Ubisoft filed a lawsuit against the Chinese developers Ejoy as well as Apple and Google in May 2020, based on Ejoy's mobile game Area F2, which Ubisoft claimed was a clone of Siege. Ubisoft stated that "Virtually every aspect of [Area F2] is copied from [Siege], from the operator selection screen to the final scoring screen and everything in between". Ubisoft claimed they had attempted to have the game removed from Apple and Google's respective app stores but they failed to grant the removal, and as Area F2 was a free-to-play game with microtransactions, the two companies were financially benefiting from the copyright violation, and thus included in the lawsuit.

During the Six Invitational 2022, Ubisoft announced that one of its upcoming majors for the game would take place in the United Arab Emirates, drawing criticism because of the UAE's treatment of LGBTQ+ people and concern for the safety of Ubisoft's LGBTQ+ personnel and players. Days later, Ubisoft announced their "decision to move the Six Major of August 2022 to another Rainbow Six Esports region" due to the response from the fanbase.

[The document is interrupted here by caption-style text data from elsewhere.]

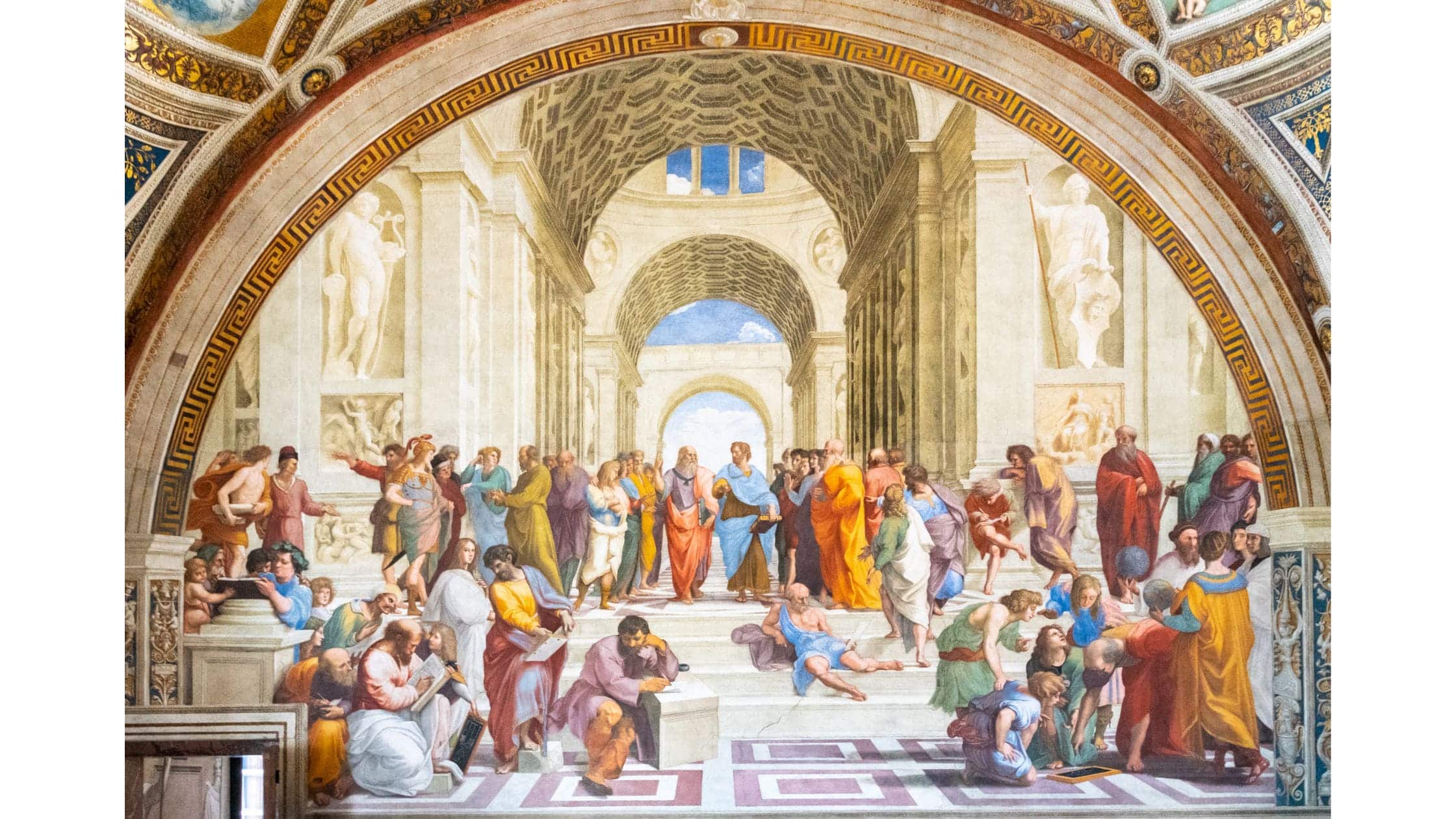 mecenatismo rinascimentale - La scuola di atene di Raffaello
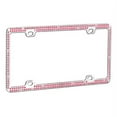 thumbnail image 3 of Valor LPF2BC002PNK Pink Crystals Chrome Coating Metal License Plate Frame with Double Row Crystals, 3 of 4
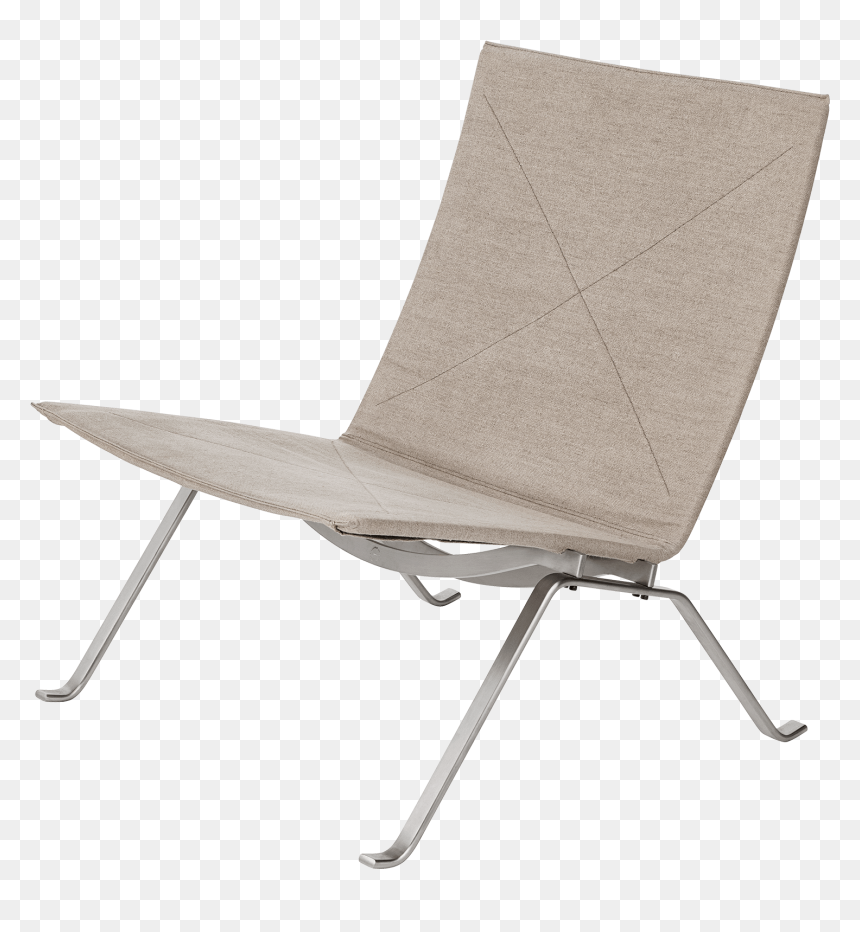 Pk22 Lounge Chair Poul Kjærholm Canvas - Pk22 Chair Canvas, HD Png Download - canvas png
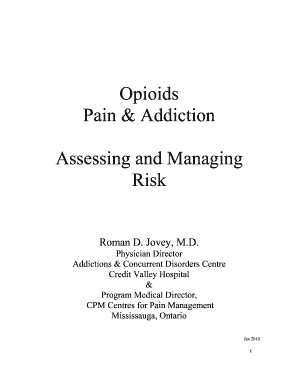 Opioid Risk Tool Clinician Form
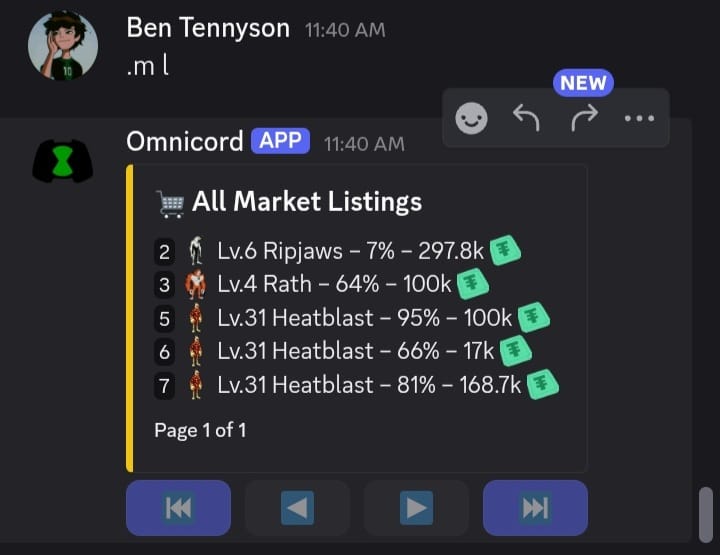 Market Screen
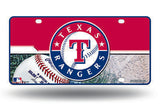 Texas Rangers Car Truck Tag License Plate Metal Sign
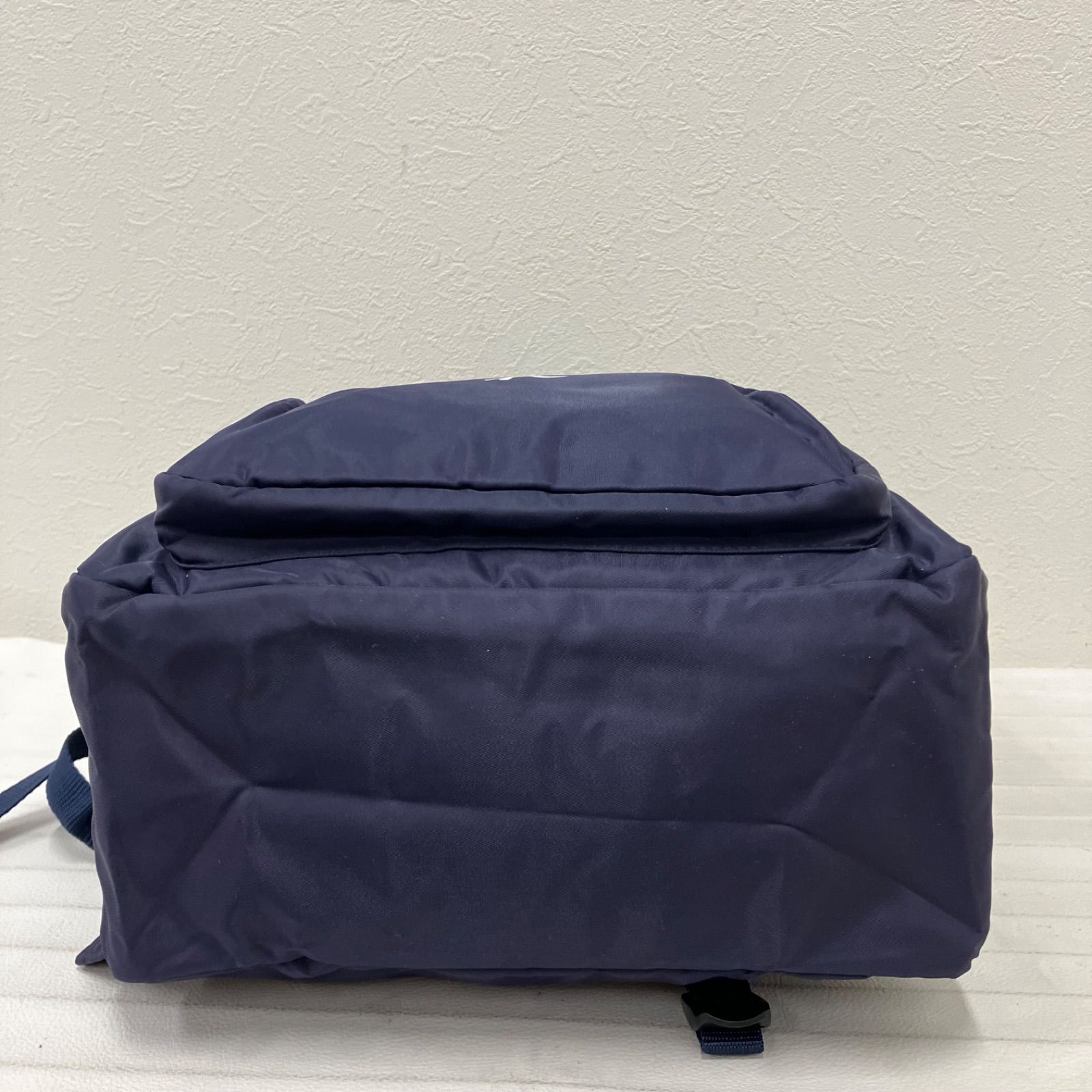8249 良品 Kitamura キタムラ 2点 折りたたみリュック エコバッグ 紺 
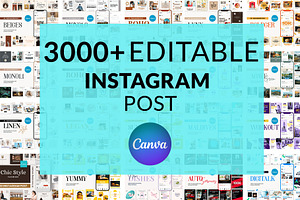 3000+ Instagram Post Templates, a Social Media Template by ResumeFabs
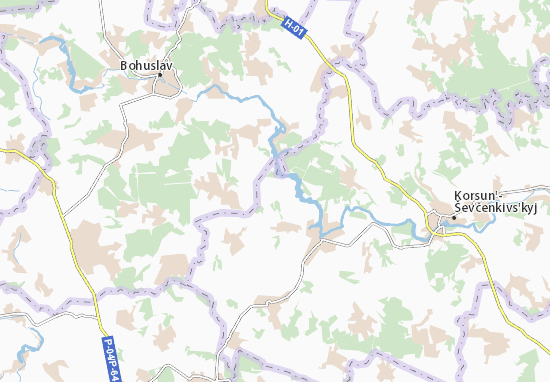Mapa Mykolaivka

During the Six Invitational 2025 event, Ubisoft revealed a new operator named Rauora originating from Christchurch, New Zealand. Fans soon noticed that the operator's origin and birthday of March 15 was in reference to the Christchurch terrorist mosque shootings in which 51 victims were killed by a white supremacist. Ubisoft later retracted the "oversight" after the reveal caused heated discussion as to whether the date and origin of the new operator was intentional. A Ubisoft spokesperson later stated "We apologise for the oversight and have taken immediate steps to change the birth date [...] The change has been made on the game’s website and will be implemented in the game via an update on March 4". The operator's birthday was subsequently changed to May 11.